§ INFORMATION SUPPLIED
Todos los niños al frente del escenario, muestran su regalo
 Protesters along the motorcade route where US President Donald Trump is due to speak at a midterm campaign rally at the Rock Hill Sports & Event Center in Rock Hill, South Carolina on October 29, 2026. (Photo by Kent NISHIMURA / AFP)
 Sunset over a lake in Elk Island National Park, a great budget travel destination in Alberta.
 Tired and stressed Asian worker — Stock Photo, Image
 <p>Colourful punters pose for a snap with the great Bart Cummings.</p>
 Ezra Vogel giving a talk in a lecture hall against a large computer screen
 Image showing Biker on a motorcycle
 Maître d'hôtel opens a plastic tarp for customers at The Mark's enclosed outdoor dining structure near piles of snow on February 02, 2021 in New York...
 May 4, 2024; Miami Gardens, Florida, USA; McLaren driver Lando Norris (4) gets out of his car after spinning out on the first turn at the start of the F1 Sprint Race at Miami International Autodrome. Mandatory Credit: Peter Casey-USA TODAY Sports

§ TASK GOAL
Exactly as shown above, return every record.

§ EXPECTED ANSWER
Todos los niños al frente del escenario, muestran su regalo
 Protesters along the motorcade route where US President Donald Trump is due to speak at a midterm campaign rally at the Rock Hill Sports & Event Center in Rock Hill, South Carolina on October 29, 2026. (Photo by Kent NISHIMURA / AFP)
 Sunset over a lake in Elk Island National Park, a great budget travel destination in Alberta.
 Tired and stressed Asian worker — Stock Photo, Image
 <p>Colourful punters pose for a snap with the great Bart Cummings.</p>
 Ezra Vogel giving a talk in a lecture hall against a large computer screen
 Image showing Biker on a motorcycle
 Maître d'hôtel opens a plastic tarp for customers at The Mark's enclosed outdoor dining structure near piles of snow on February 02, 2021 in New York...
 May 4, 2024; Miami Gardens, Florida, USA; McLaren driver Lando Norris (4) gets out of his car after spinning out on the first turn at the start of the F1 Sprint Race at Miami International Autodrome. Mandatory Credit: Peter Casey-USA TODAY Sports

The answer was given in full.